Your main goal at this time is to reduce the number of I/O directory searches of private libraries. I/O directory searches happen for all members of private libraries that do not have hash tables. This kind of problem is particularly undesirable when libraries with hash tables are listed before libraries without hash tables in a concatenation.
When CA PMO searches the hash tables but the sought-for member belongs to a library that does not have a hash table, the search is particularly inefficient. This is because the search must continue on DASD, starting with the first library in the concatenation. The DASD I/O search occurs against all libraries in the concatenation up to the library that contains the sought-for member. The directories of all of the libraries in the concatenation are searched if the member does not belong to any of the libraries in the concatenation.
The following example illustrates this problem and explains how to solve it. Assume that the concatenation shown in the following example has three libraries:
//PDSDD DD DSN=HASHTAB.LIB1 // DD DSN=HASHTAB.LIB2 // DD DSN=NO.HASHTAB.LIB
Suppose that a sought-for member resides in NO.HASHTAB.LIB. NO.HASHTAB.LIB is not managed in a hash table. Also suppose that HASHTAB.LIB1 and HASHTAB.LIB2 are managed in hash tables. In this situation, CA PMO first looks in the hash table for HASHTAB.LIB1, then it looks in the hash table for HASHTAB.LIB2. Finally, since the sought-for member will not have an entry in the hash tables, CA PMO initiates an I/O directory search of NOHASHTAB.LIB. Due to the way that library directories are searched on DASD, this search must begin with the directory of HASHTAB.LIB1, continue with HASHTAB.LIB2, and conclude with NOHASHTAB.LIB. This is wasteful, since HASHTAB.LIB1 and HASHTAB.LIB2 are each searched twice. The same situation occurs when a sought-for member is not in any of the libraries in this concatenation.
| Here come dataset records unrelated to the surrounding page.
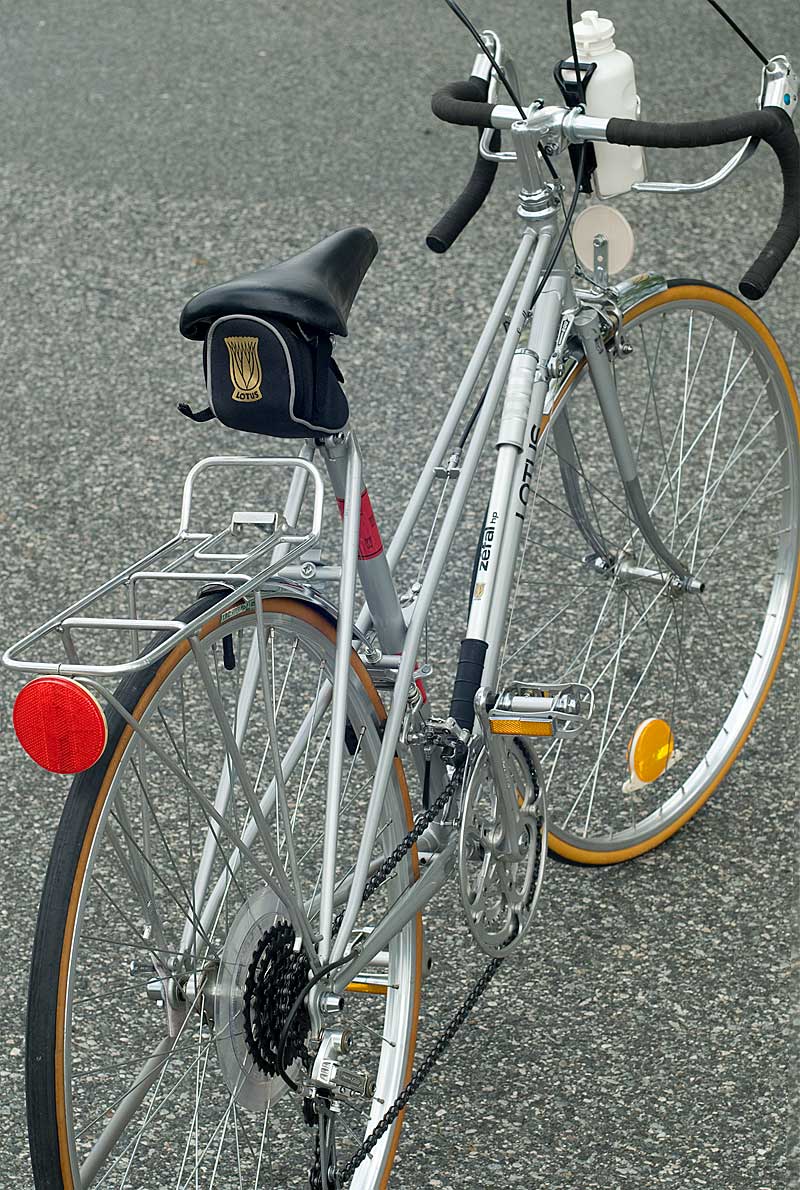 Rear View 1981 Excelle Mixte Rear View 1981 Excelle Mixte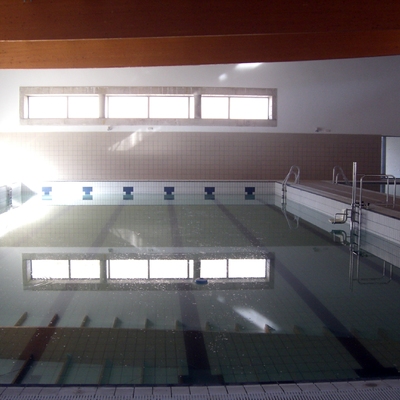PISCINA CUBIERTA DE ALCALÁ LA REAL EN ( JAEN )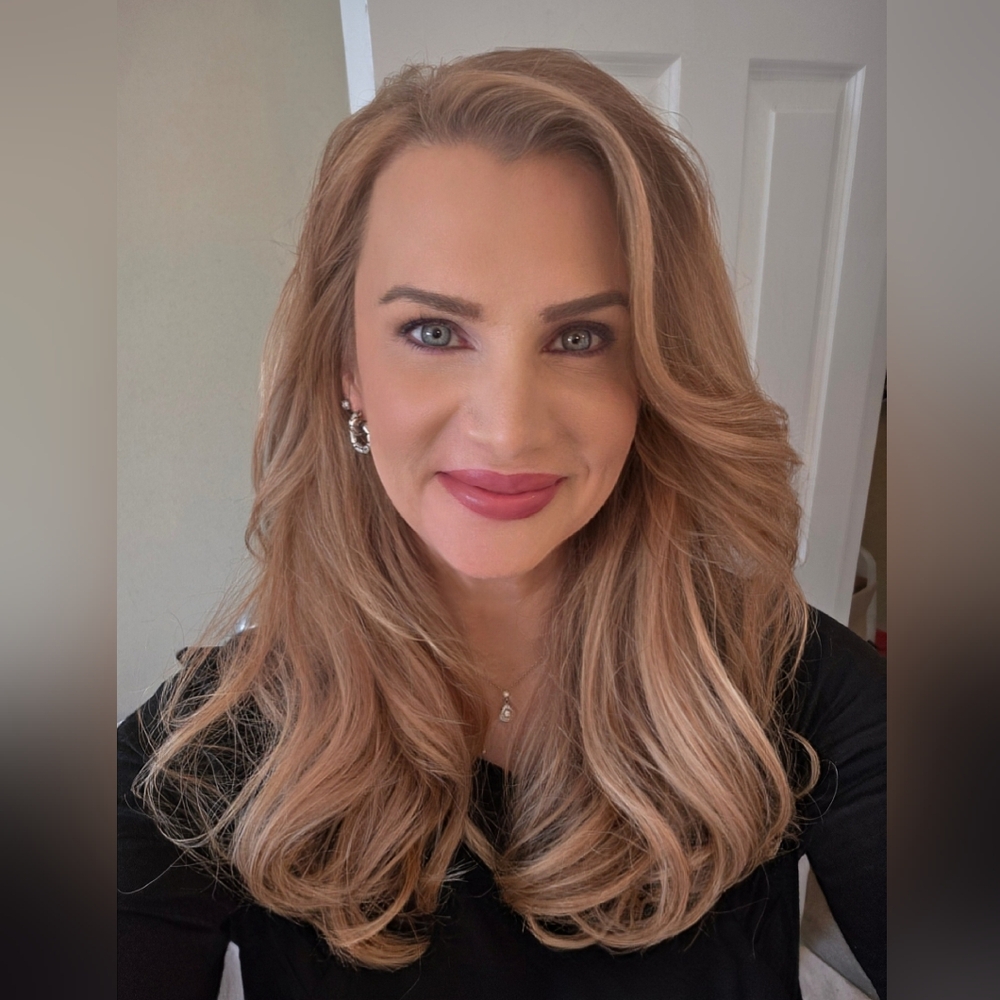 Meet your Posher, Suzanne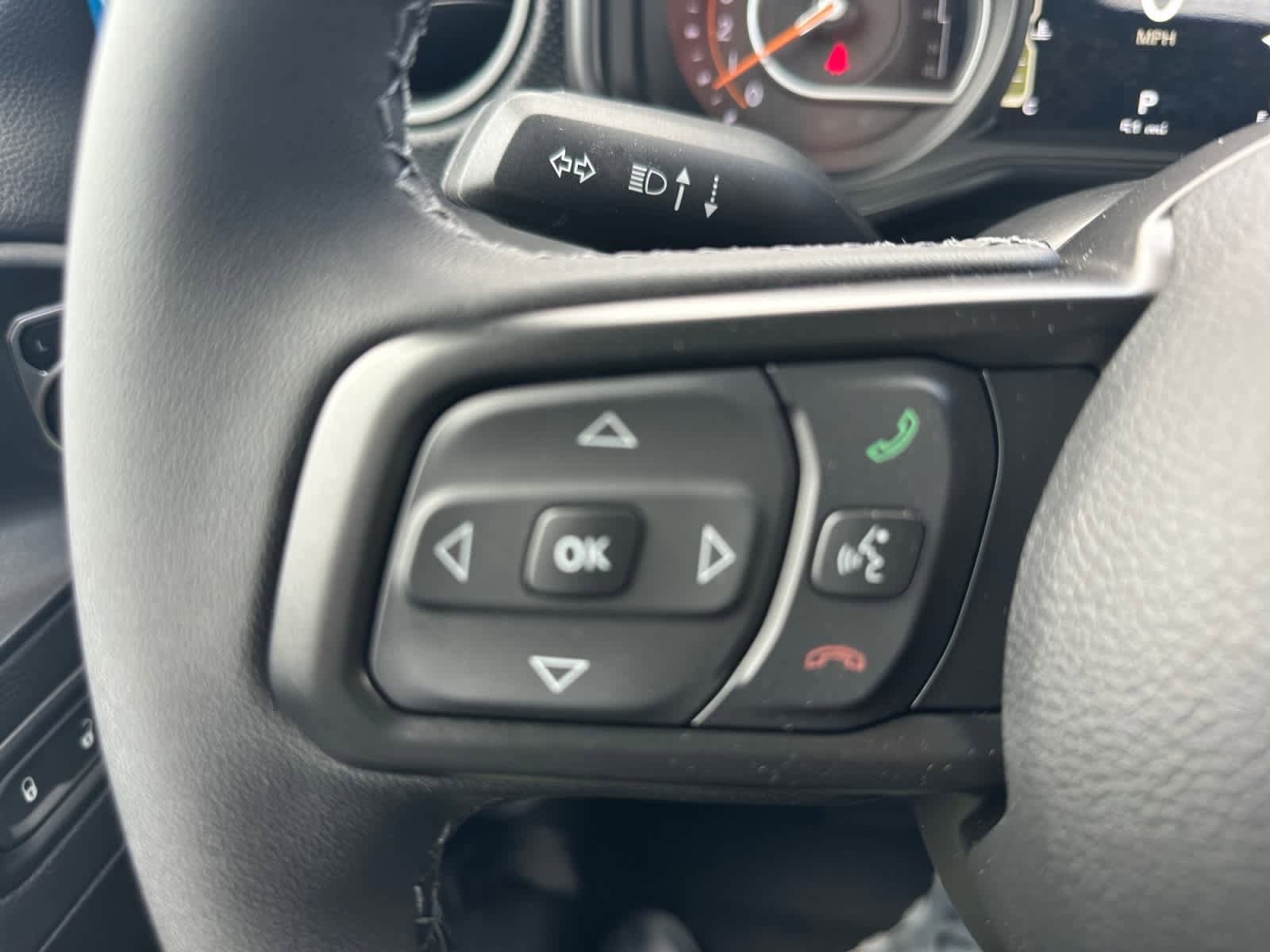 New 2025 Jeep Gladiator Rubicon w/ Safety Group AWD/4WD image 28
If NO.HASHTAB.LIB is managed in a hash table, the problem is eliminated.
Important! If you allow CA PMO to manage your private libraries automatically, it would manage NO.HASHTAB.LIB if directory search activity warrants it.
If you want to prevent CA PMO from managing your libraries automatically, follow this procedure to locate the libraries that are causing these I/O searches:
Examine the PMOMON D9 display and include up to 30 more libraries for management in hash tables. This will probably resolve the problem, but if it persists, try the next step.
Issue the following command to obtain an offline report for each library with a hash table:
F PMO,PRVTRPT=ALL,NM
Look in the first section of the report for libraries with high counts under DUE TO CONCATENATED LIB. These libraries are not the problem, but they are concatenated to the libraries that are the problem. Examine system tasks, batch jobs, and online systems and ask users to identify jobs that issue BLDL/FIND requests against the libraries in the reports. The problematic libraries occur after the managed libraries in the concatenation. For instance, in this example you would ask your users which libraries are concatenated with HASHTAB.LIB1 and HASHTAB.LIB2. Once you find the nuisance libraries, (in this case, NO.HASHTAB.LIB), ensure that CA PMO manages them in hash tables.